§ Exercise goal
Pictures stay out of the copy. Transcribe exactly, and only, the line with "Uliasti | Web" through the last line of the entries below.
*** Material supplied ***
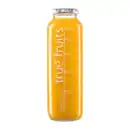 Bild 3 von TRUE FRUITS Smoothie 750ml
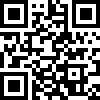 https://mehrnews.com/x32MRr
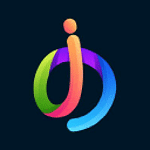 Uliasti | Web & Software Development Agency logo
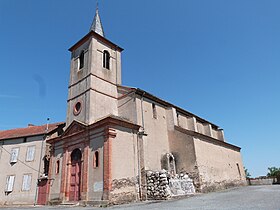 Sainte-Gemme (Tarn)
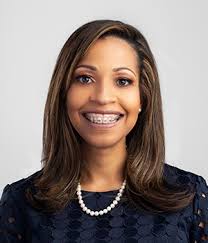 The value of mentorship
*** End of Material supplied ***
§ Expected output
 Uliasti | Web & Software Development Agency logo
 Sainte-Gemme (Tarn)
 The value of mentorship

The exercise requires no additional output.